Isabel Lima/O Município Joinville

Foi o amor à primeira vista que atraiu Mônica Ávila Michels a Joinville. A paraguaia, de 56 anos, se apaixonou por Adésio Michels, um catarinense dez anos mais velho que ela. Atualmente o casamento já tem mais de 32 anos. Neste processo, o casal cresceu junto, teve dois filhos e hoje aproveita as conquistas da vida na casa construída em Joinville.

A história de Mônica é a terceira a ser contada na série Virei Joinvilense, um especial produzido pelo jornal O Município Joinville em comemoração ao aniversário de 173 anos da cidade, comemorado dia 9 de março. Ao todo, são cinco reportagens e cinco vídeos publicados semanalmente em omunicipiojoinville.com.

Assista ao vídeo e conheça a história de Mônica Ávila Michels:

Mônica conheceu Adésio durante as férias da faculdade, aos 19 anos. Há alguns anos, ela e a família costumavam passar o verão em Joinville e já aproveitavam para visitar o irmão dela, que fazia intercâmbio na Universidade Estadual de Santa Catarina (Udesc). Ele terminou a faculdade e casou com uma brasileira, que trabalhava com Adésio.

A cunhada sentiu que os dois combinavam e propôs que ele fosse conhecer Mônica. Ela chegou em Joinville em janeiro, mas o catarinense só tomou coragem para conhecê-la em fevereiro. “Ele foi me conhecer e a gente acabou se apaixonando”, Mônica recorda.

Mesmo que a cunhada de Mônica tenha descrito a aparência do colega, a jovem paraguaia se surpreendeu.
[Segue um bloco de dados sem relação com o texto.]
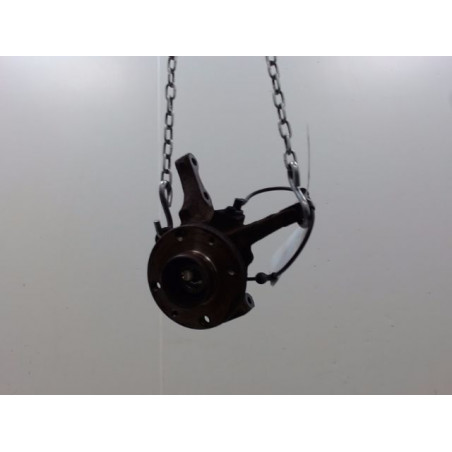 PIVOT AVANT GAUCHE RENAULT TWINGO I Phase 3 2000-2007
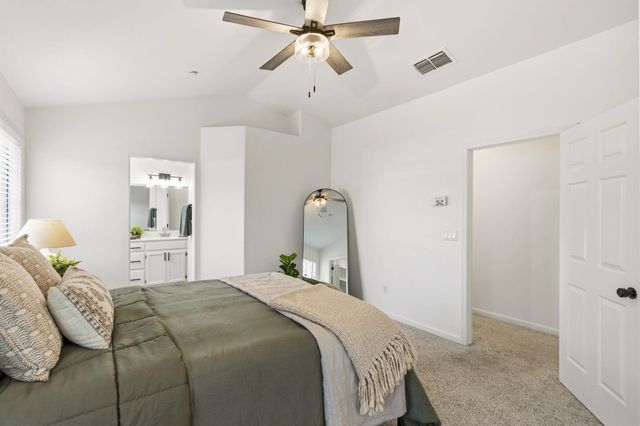 249 Creektrail Ct, Brentwood, CA 94513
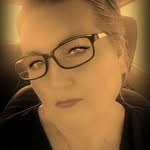 Carmen Folch - @ca.rmen8942 - Instagram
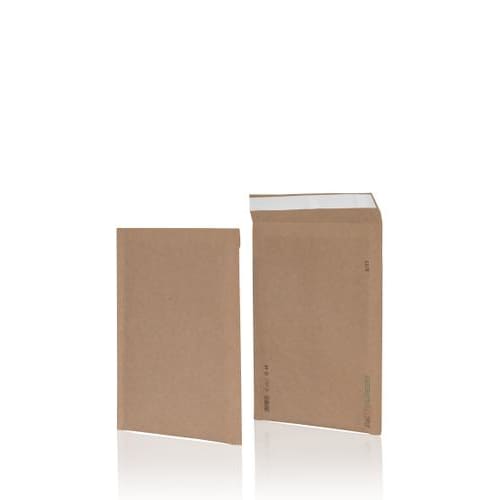 [484042] APG P/100POCH PROTEC PAPIE 23X34CM 12290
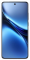 Vivo X110 Pro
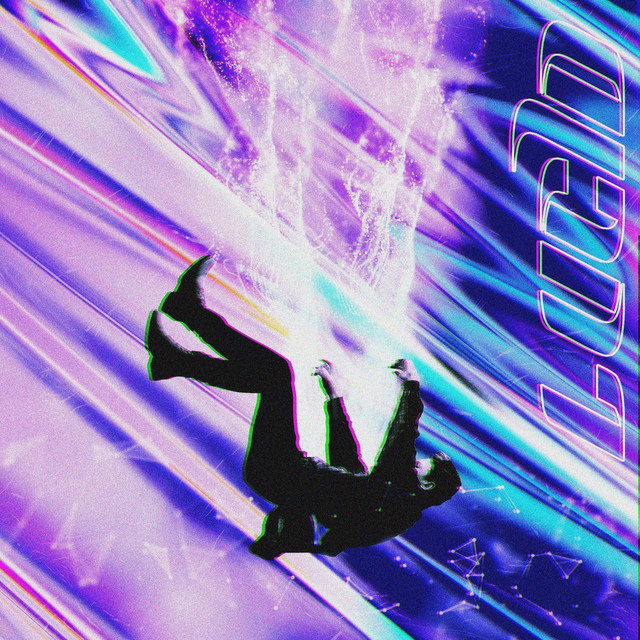 Lucid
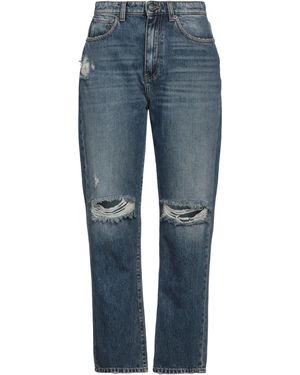 Twinset Jeans - Blue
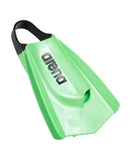 Powerfin Pro II - Green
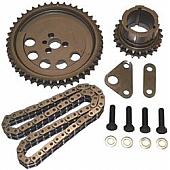 Cloyes Timing Gear Set - 9-3659X3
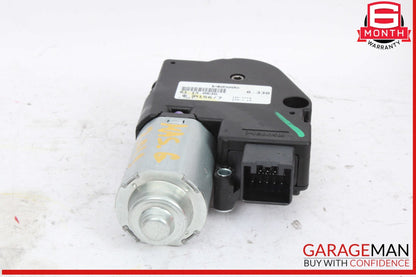 2014-2024 Maserati Ghibli Sun Roof Motor 2226114A OEM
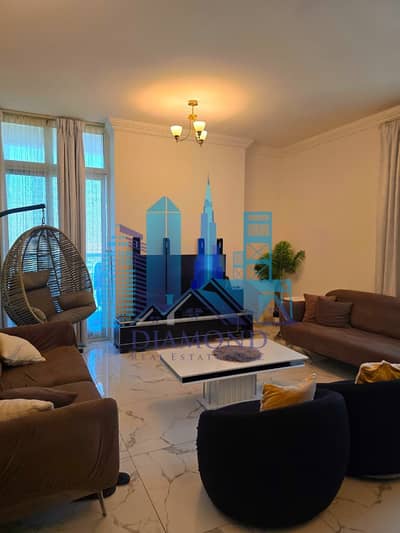 3 Slaapkamers Appartement te Koop in Al Rashidiya, Ajman - WhatsApp Image 2026-09-14 at 11.17. 49 PM (1). jpeg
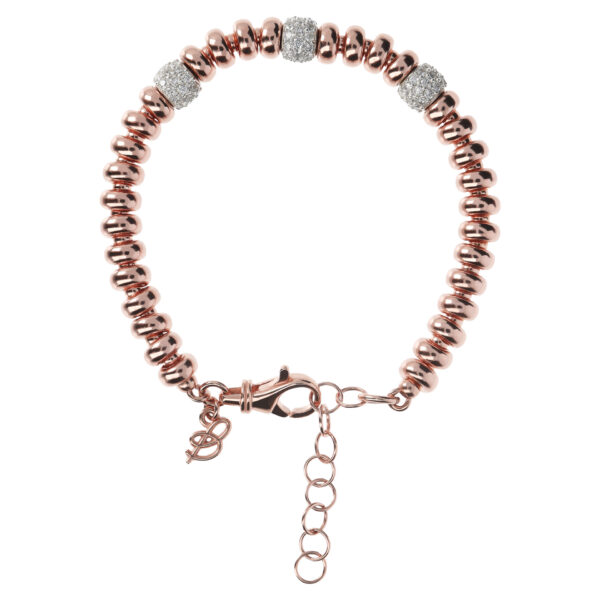 Bracciale Donna Bronzallure WSBZ01048.W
Quando ele apareceu no portão, Mônica viu o homem loiro de olho azul e ficou nervosa. “Nossa que gato’, eu pensei”, conta.

Se um dia Adésio repensou em conhecer a paraguaia, isso já nem passava mais na cabeça. Desde o dia que se encontraram pela primeira vez, Adésio não saiu mais da casa do cunhado. Naquele ano, o casal aproveitou o carnaval juntos, mas sem qualquer certeza sobre o futuro.

Foto: Arquivo pessoal

“Eu pensava ‘ah uma pessoa de outro país, um idioma completamente diferente, poderia ser difícil a gente acabar tendo um relacionamento”‘, conta a paraguaia. As diferenças eram ainda maiores quando ela olhava para a cultura, já que Adésio é descendente de alemão. “Mas quando o amor, quando o cupido bota o coração, não tem fronteira, não tem cor, não tem nada.”
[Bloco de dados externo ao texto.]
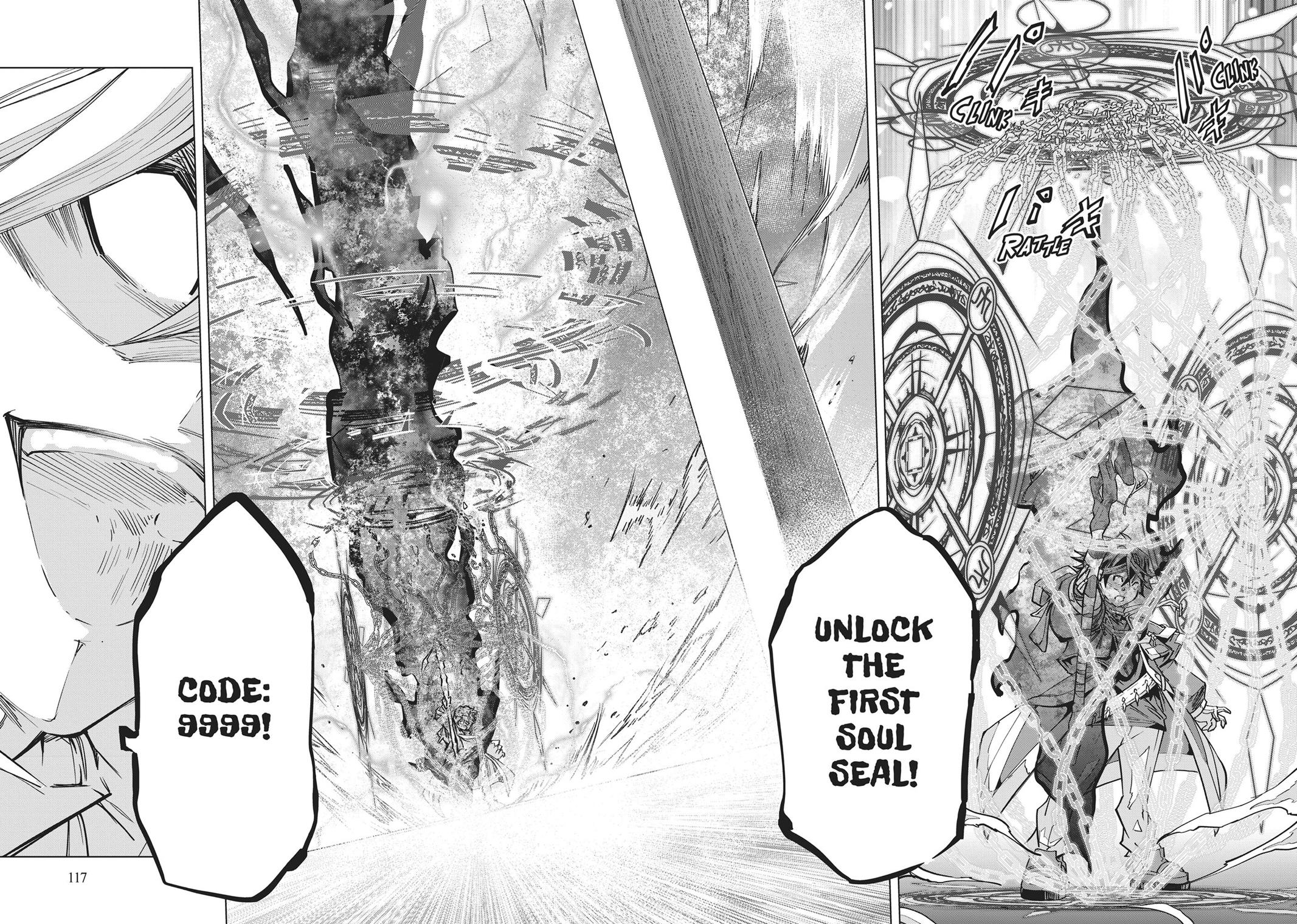 Read Backstabbed in a Backwater Dungeon_ My Party Tried to Kill Me, But Thanks to an Infinite Gacha I Got LVL 9999 Friends and Am Out for Revenge EN Manga Online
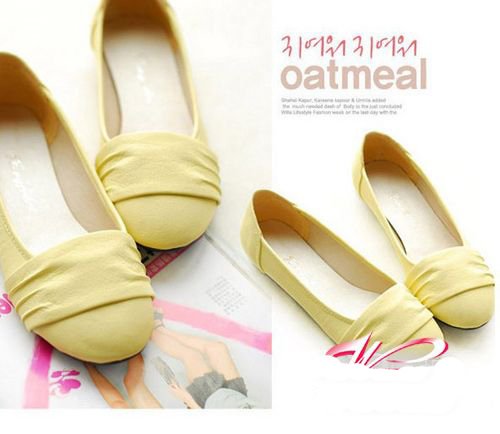 ͯ���������λ�ƽ�װ���Ь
As férias de Mônica chegaram ao fim e ela precisou voltar para Assunção, a mais de mil quilômetros, para fazer o segundo ano de faculdade. A jovem cursava Odontologia na Universidade Nacional de Assunção e sonhava em atuar na área.

“Eu voltei para lá e na semana santa ele já foi para lá, foi em abril”, Mônica lembra. Adésio tinha encontrado o amor da vida dele e não seria uma fronteira que os separaria. Na época, não era aceitável que ele se hospedasse na casa da namorada, então Mônica procurou uma pousada para ele ficar.

“Foi muito emocionante, cheguei lá depois das férias, comentei para minha mãe que conheci e tal, mas eu tava com medo do que meu pai ia achar, um estrangeiro, nada ver”, ela conta da preocupação. Ao fim da visita, Adésio já tinha conquistado os sogros e já marcava o próximo retorno.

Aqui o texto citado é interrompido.